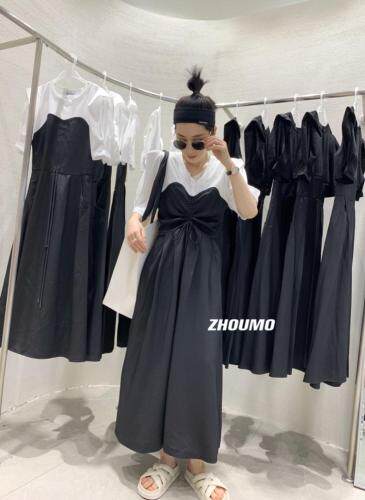 韩式抽绳 黑白2??色连衣裙,女装连衣裙,周末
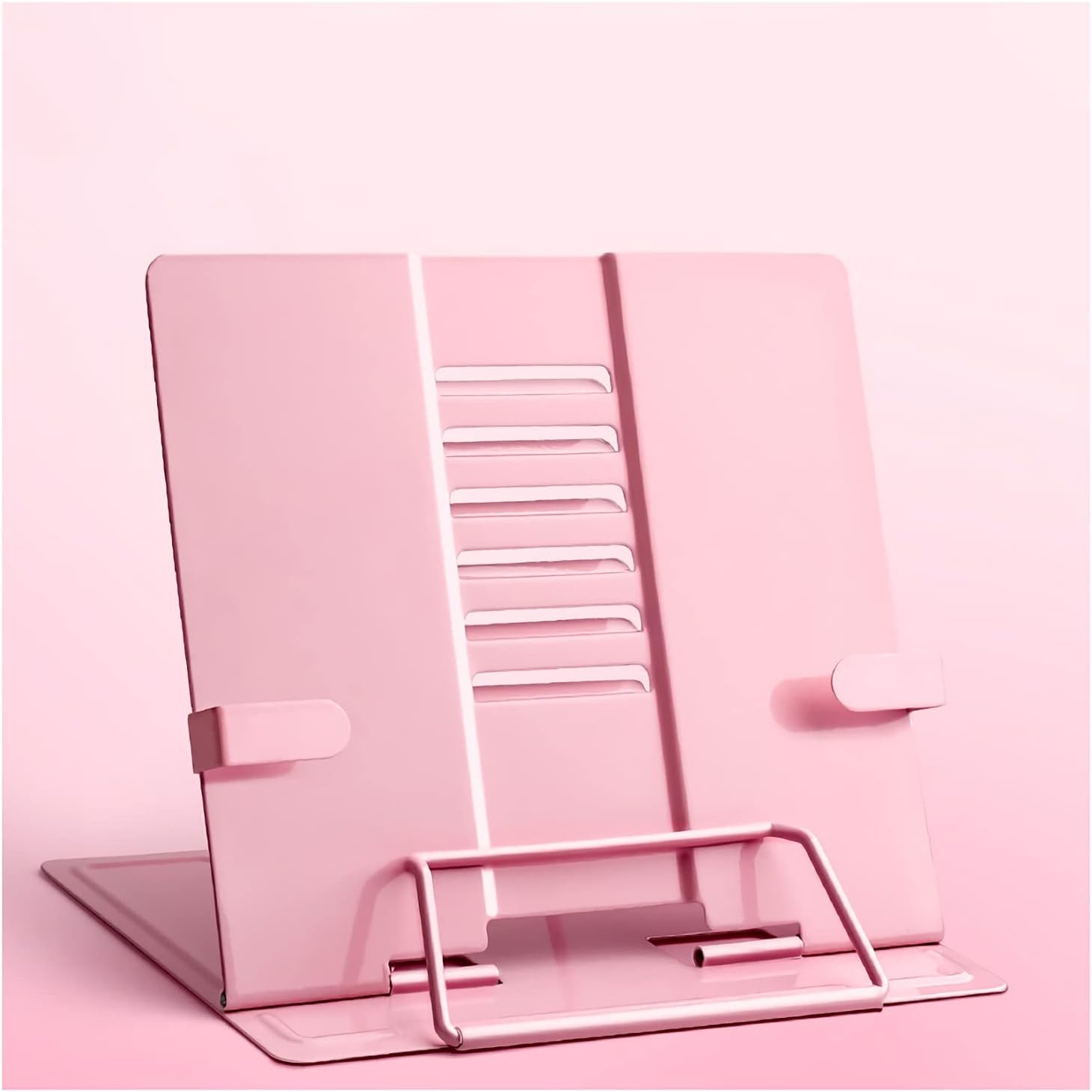 Yuidaaavzz Metal Book Stand Pink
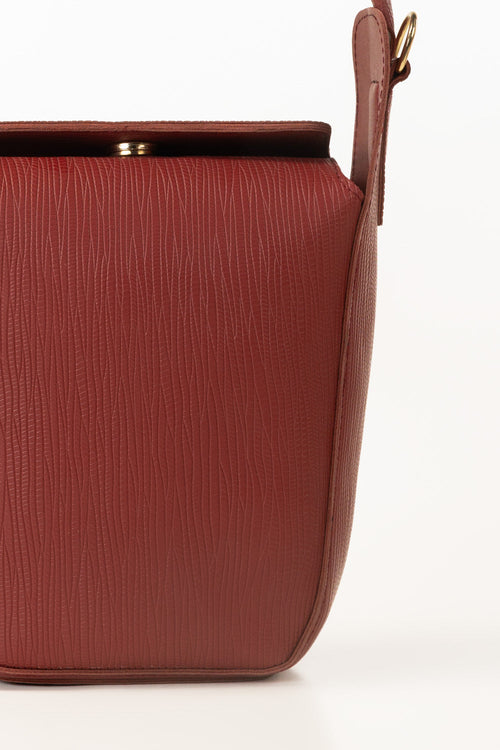 Maroon Bucket Bag | Textured Faux Leather with Gold-Tone Hardware-Blanc Loom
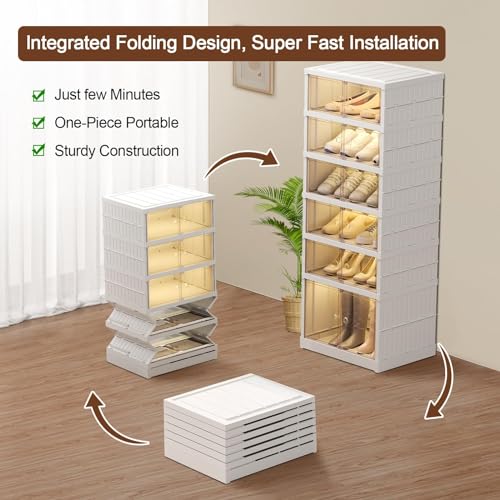 6-Tier Foldable Shoe Storage Cabinet | Clear Magnetic Doors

:: Activity ::
Retype all of the material above exactly; the pictures stay out.

:: Solution for this task ::
 韩式抽绳 黑白2??色连衣裙,女装连衣裙,周末
 Yuidaaavzz Metal Book Stand Pink
 Maroon Bucket Bag | Textured Faux Leather with Gold-Tone Hardware-Blanc Loom
 6-Tier Foldable Shoe Storage Cabinet | Clear Magnetic Doors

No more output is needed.